Believe It Or Not, I AM Into Marriage

I think it might be time to reconsider exactly what marriage means.

I’ll save my feelings about gay marriage, polygyny, and polyandry for another time (though my thinking about and mentioning them at all should give you an indication of how I feel about them), but we have a 50% divorce rate these days for a reason.  I think a large part of it is that we live at a time when we’ve learned to be truer to our individual selves.  We’ve come to expect a certain level of personal happiness in addition to wanting to care for the greater good.  However, we bring that desire for personal happiness into a firmly-established institution that is primarily concerned with economics.  Is it any wonder, then, that money is the largest cause of discord in most marriages?  Fights over who paid for what, who is providing for whom?  People are taught to marry by a certain time and are taught to take finances into consideration, but they aren’t taught that it’s acceptable to wait until you find someone who truly makes you happy.  Marriage as it is now is about contributing to society, not about two people connecting to each other.  It’s about what you should want, and not about what you might actually want.  If people actually do connect, they’re lucky.

Despite all that, I would like to be married someday.  There are several couples in my life that make marriage look good and whose marriages, if I ever find someone I want to marry, I’d want to emulate. There is something beautiful to me about choosing someone forever, promising them that you will be there for them no matter what, and knowing that they offer you the same in return.  I understand the impulse not only to want to make that promise to each other, but share the power of that promise with your loved ones.  I’m not someone who is sour on the entire institution.  I just think that the institution should evolve as much as human beings have.

I want marriage, but I don’t need marriage.  There’s a difference.

So, I won’t be seeing He’s Just Not That Into You.  I never bought (or bought into) the book, and I don’t want to be disappointed by the sight of actresses I enjoy and respect enacting that tripe.  It’s a shame, then, that one of my favorite songs of the moment is Beyonce’s Single Ladies:

If you liked it, then you should’ve put a ring on it

If you liked it then you should’ve put a ring on it….

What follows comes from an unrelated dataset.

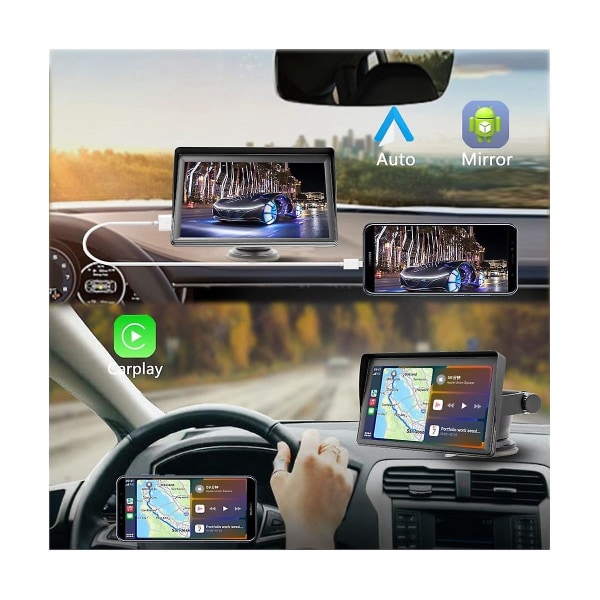 Bærbar Dash Mount Carplay Display 7In Touch Screen, GPS Navigatin,Bluetooth Bilradio, Bakkamera, FM Radio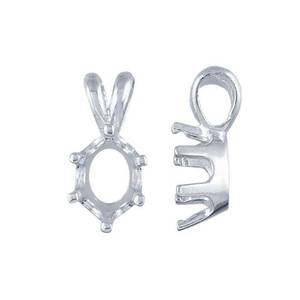 2026 Genuino Plata de Ley 925 Ovalado de 6 puntas Preentallado Engaste de Colgante en Blanco con Anilla de Conejo para Colgantes de Joyería Personalizada - Product Image 3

DAMMIT, that song is catchy!  Ah well.  I downloaded it illegally, so I didn’t pay money for it.  Sorry, Beyonce.  If you want to pay for a great song that has a truly positive message about relationships, check out Kate Nash’s Merry Happy:

Chatting on the phone

can’t take back those hours

but I won’t regret

’cause you can grow flowers

from where dirt used to be

And more importantly:
 

I can be alone, yeah

I can watch a sunset on my own

I can be alone, yeah

I can watch a sunset on my own

I can be alone…

Her album, I plan on buying.

The International Bank of Bob is Here!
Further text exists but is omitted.